Description-Behavior Mismatch

Medium

Confidence: 95% confidence
Finding: The installer modifies host-level agent state by creating a symlink in the global skills directory, which exceeds the narrowly described voice-cloning behavior in the manifest. Persistent self-registration is dangerous because it changes future agent behavior and trust boundaries without explicit user consent, making the skill easier to invoke unexpectedly or survive beyond the current install session.

Description-Behavior Mismatch

Low

Confidence: 84% confidence
Finding: The script creates a persistent model directory under the user's home directory, which is behavior not disclosed by the manifest and leaves long-lived artifacts on the host. While model caching can be legitimate for TTS systems, doing so silently in a global location can surprise users, consume disk space, and create persistence beyond the expected lifecycle of a single skill run.

Context-Inappropriate Capability

Medium

Confidence: 97% confidence
Finding: Auto-registering the skill by symlinking into the agent host's global plugin routing changes platform-wide execution behavior in a way unrelated to synthesizing speech itself.

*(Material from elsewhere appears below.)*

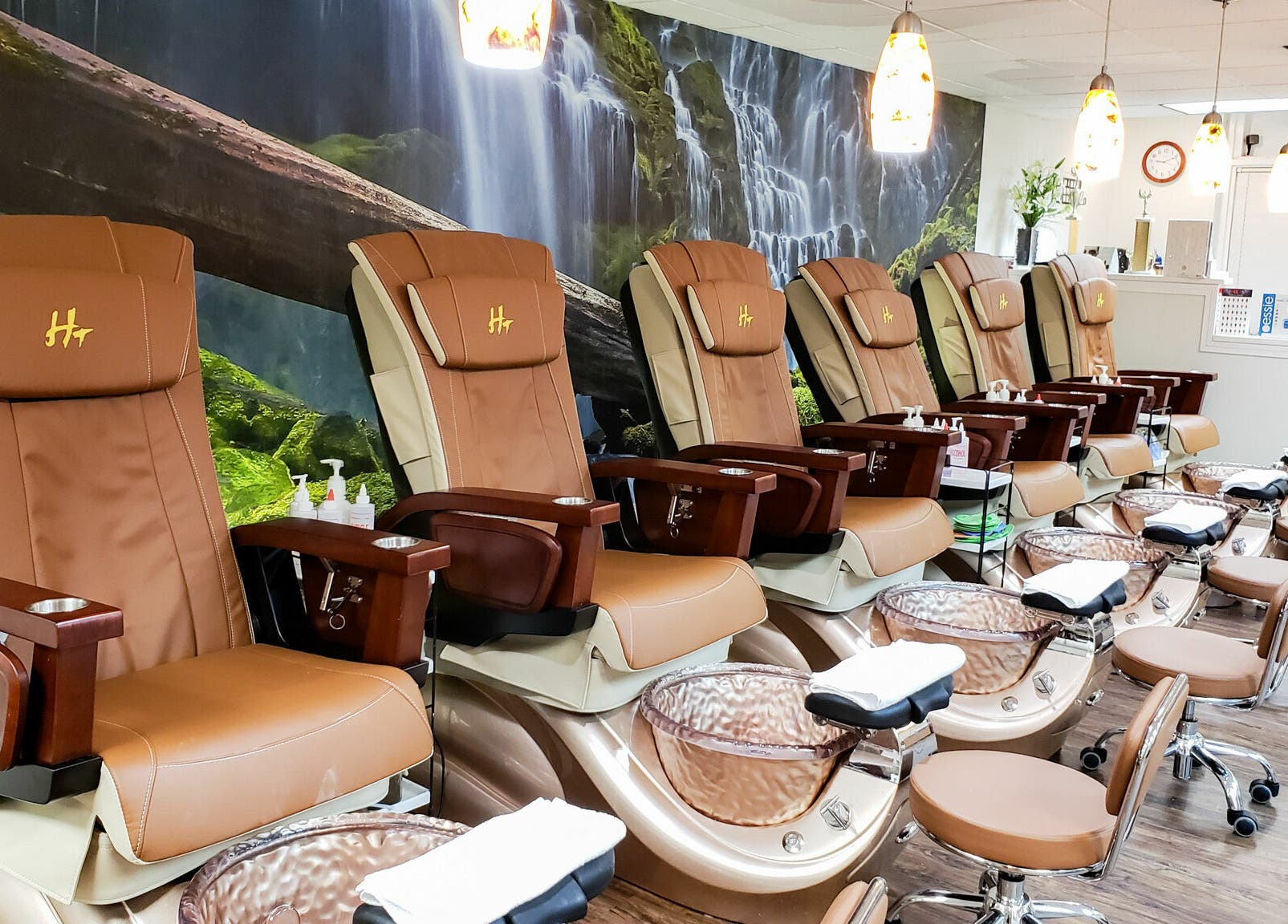 Elegant pedicure chairs at Quality Nails Spa in Hingham, Massachusetts, US offer a relaxing experience.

In the context of a voice-cloning skill, this is more concerning because the manifest describes an end-user media function, not privileged modification of host plugin discovery or routing state.

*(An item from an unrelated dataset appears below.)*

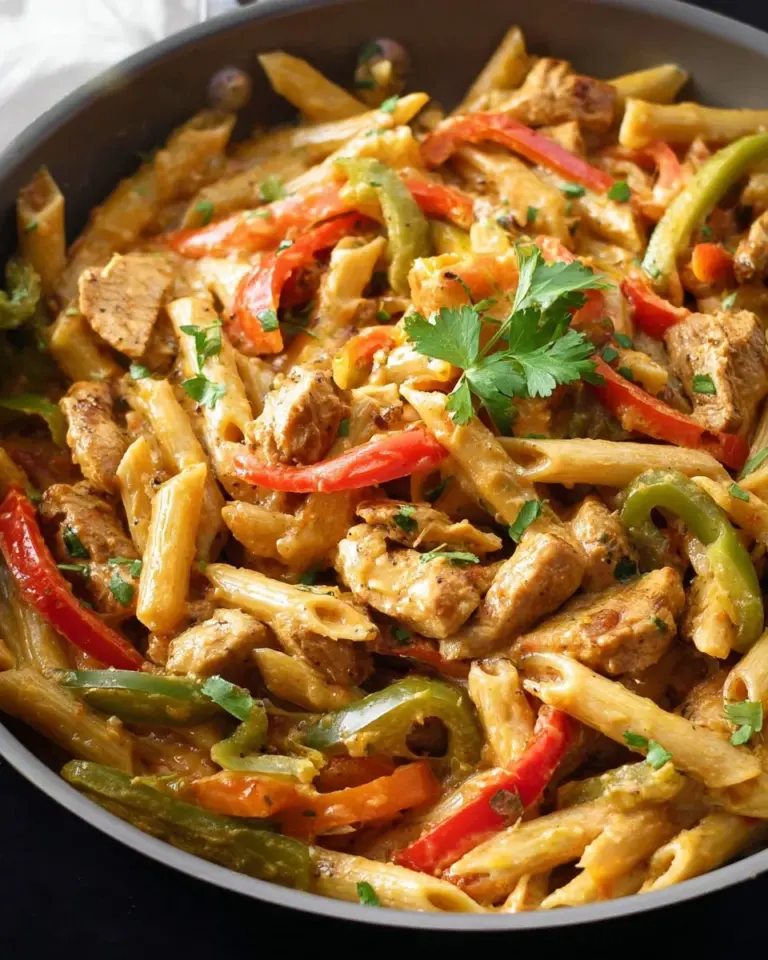 Delicious Chicken Fajita Pasta plated with colorful vegetables.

Context-Inappropriate Capability

Medium

Confidence: 88% confidence
Finding: Installing whatever is listed in requirements.txt allows arbitrary third-party code execution during package installation and may introduce dependencies unrelated to the advertised voice-cloning function. This is especially risky when combined with network access and no pinning, review, or user warning, because malicious or compromised packages can run setup hooks at install time.

Intent-Code Divergence

Medium

Confidence: 81% confidence
Finding: The script describes the environment as a strict isolated sandbox, but it also writes to global host directories and alters registration state, which is misleading about the actual security boundaries. Misrepresenting isolation can cause operators to grant more trust than warranted and overlook persistent host modifications.

Context-Inappropriate Capability

High

Confidence: 99% confidence
Finding: The script `source`s a configuration file chosen by `TTS_CONFIG_FILE` or `.env`, which causes arbitrary shell code in that file to execute in the current process. Because this happens before any TTS logic, an attacker who can influence that file path or contents can run commands, alter environment variables, or hijack subsequent execution on the host.

Context-Inappropriate Capability

Medium

Confidence: 97% confidence
Finding: The script sources a config file from TTS_CONFIG_FILE or .env using shell source, which executes arbitrary shell code in that file rather than merely parsing configuration values. Because environment variables can redirect CONFIG_FILE to attacker-controlled content, running the uninstall script can trigger unintended command execution with the user's privileges, which is unrelated to the skill's voice-cloning purpose and significantly increases risk.

Context-Inappropriate Capability

Medium

Confidence: 98% confidence
Finding: The /clone endpoint allows the caller to supply req.output_dir and the server will create that directory and write the generated file there without restricting it to a safe base path. This enables arbitrary filesystem writes within the server account's permissions, which can overwrite or place files outside the intended generated_audio workspace and becomes especially risky in a network-exposed API handling untrusted input.

Description-Behavior Mismatch

High

Confidence: 98% confidence
Finding: The skill advertises voice cloning from a reference sample, but the ChatTTS backend ignores `ref_audio` entirely and generates generic speech. In a voice-cloning skill, this is a security-relevant integrity issue because users and upstream agents may believe biometric voice cloning occurred when it did not, leading to deceptive output, consent problems, and misapplication of a non-cloning backend in sensitive contexts.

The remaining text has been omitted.